== PROVIDED MATERIAL ==
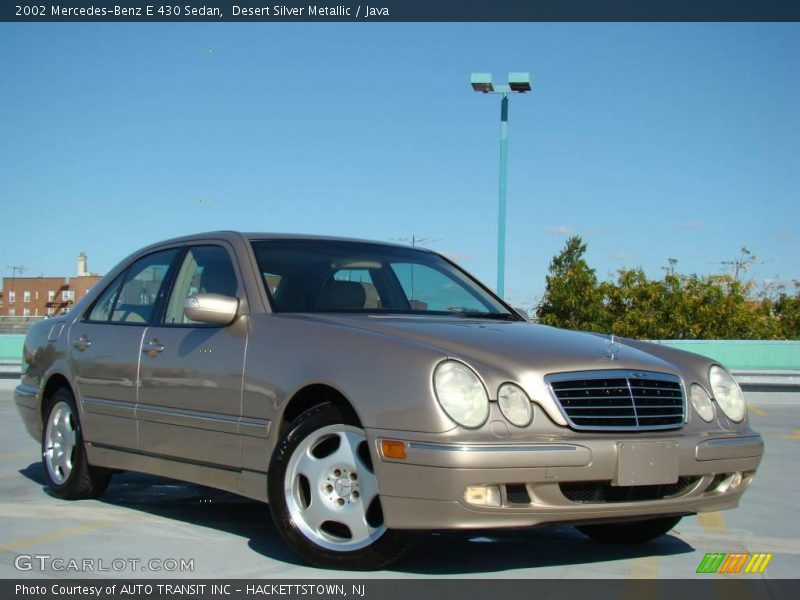 Desert Silver Metallic / Java 2002 Mercedes-Benz E 430 Sedan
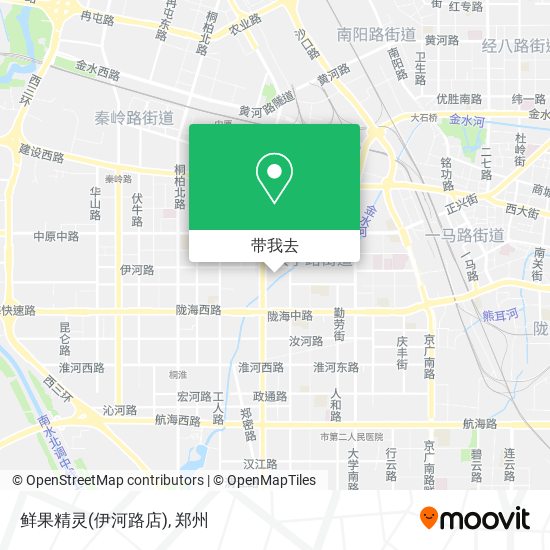 鲜果精灵(伊河路店)地图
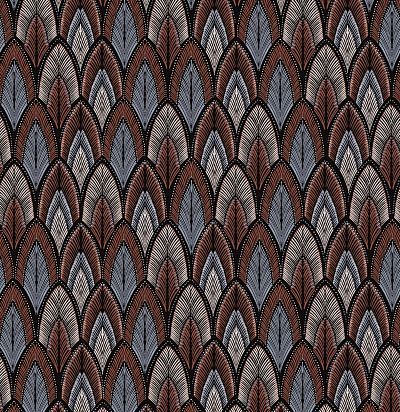 Обои рулонные узор из перьев птиц SUM406 Khroma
===
WORK INSTRUCTIONS: I need the lines from the line containing "鲜果精灵(伊河路店)地图" through the final line of the listing duplicated exactly, both ends included, with no pictures and nothing else.

RESPONSE:
 鲜果精灵(伊河路店)地图
 Обои рулонные узор из перьев птиц SUM406 Khroma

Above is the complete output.